▸ Work item
Where a line contains "Se vende Apartamento", begin there and restate word for word every line to the end of the entries below, pictures excluded.

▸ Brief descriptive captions

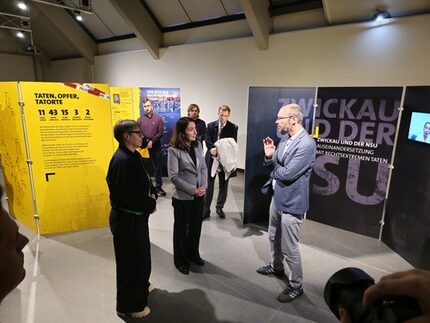 Ausstellungsbesuch von Staatssekretärind Dr. Märtens und Bundestagsvizepräsidentin Özoğuz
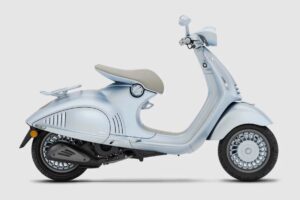 Vespa 946 Snake Limited Edition...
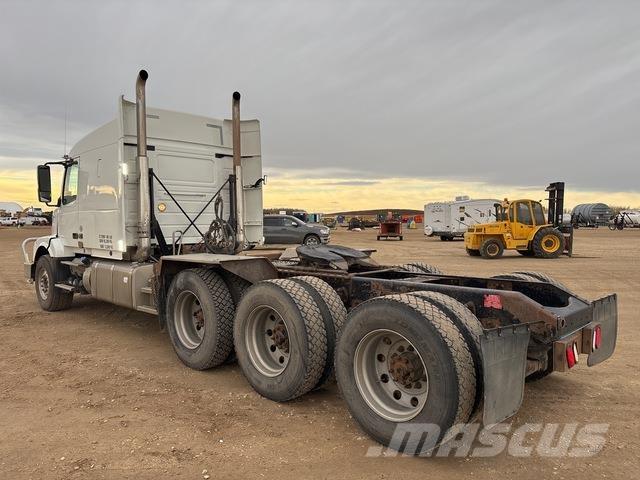 Volvo VNL Tractor Units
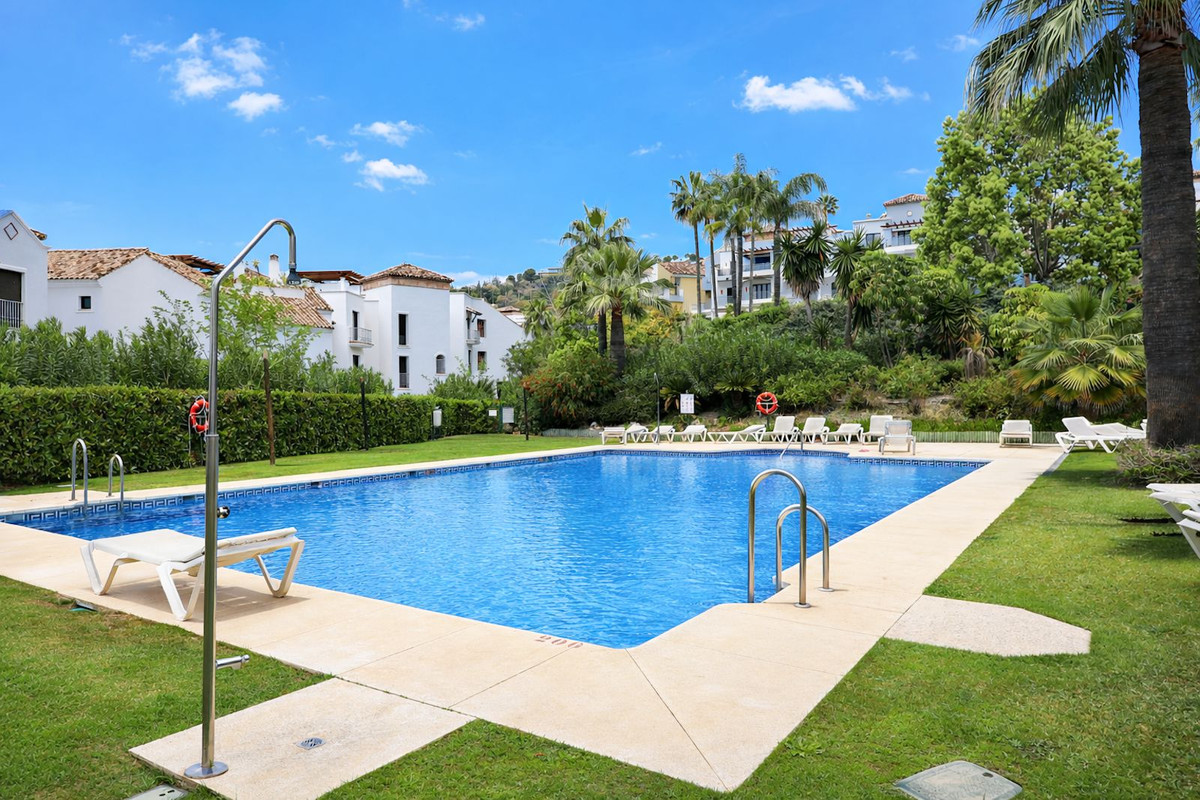 Se vende Apartamento Planta Media de 3 dormitorios en Costa Del Sol, Málaga, España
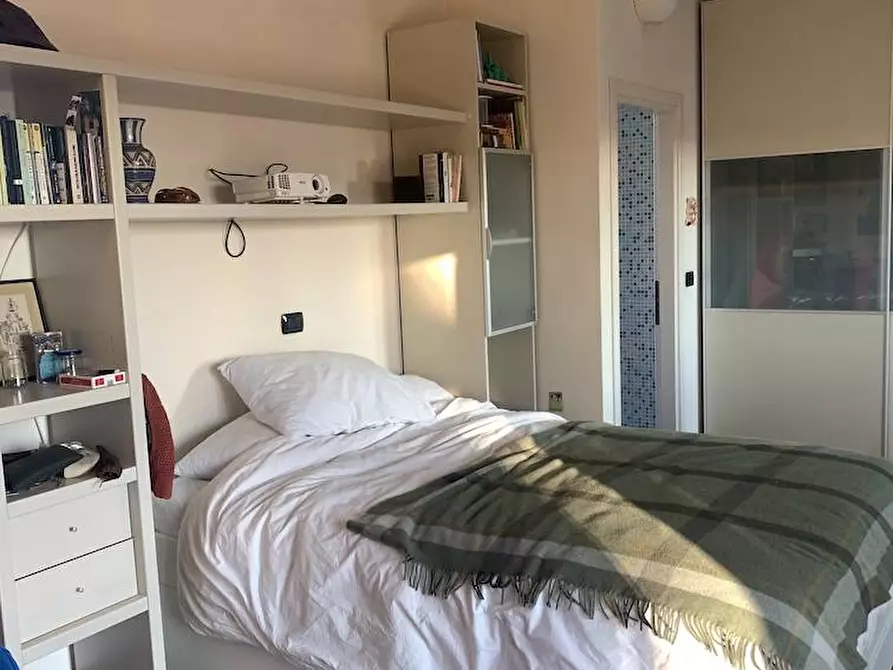 Immagine 25 di Appartamento in affitto  in via Ripamonti a Milano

▸ Written solution
 Se vende Apartamento Planta Media de 3 dormitorios en Costa Del Sol, Málaga, España
 Immagine 25 di Appartamento in affitto  in via Ripamonti a Milano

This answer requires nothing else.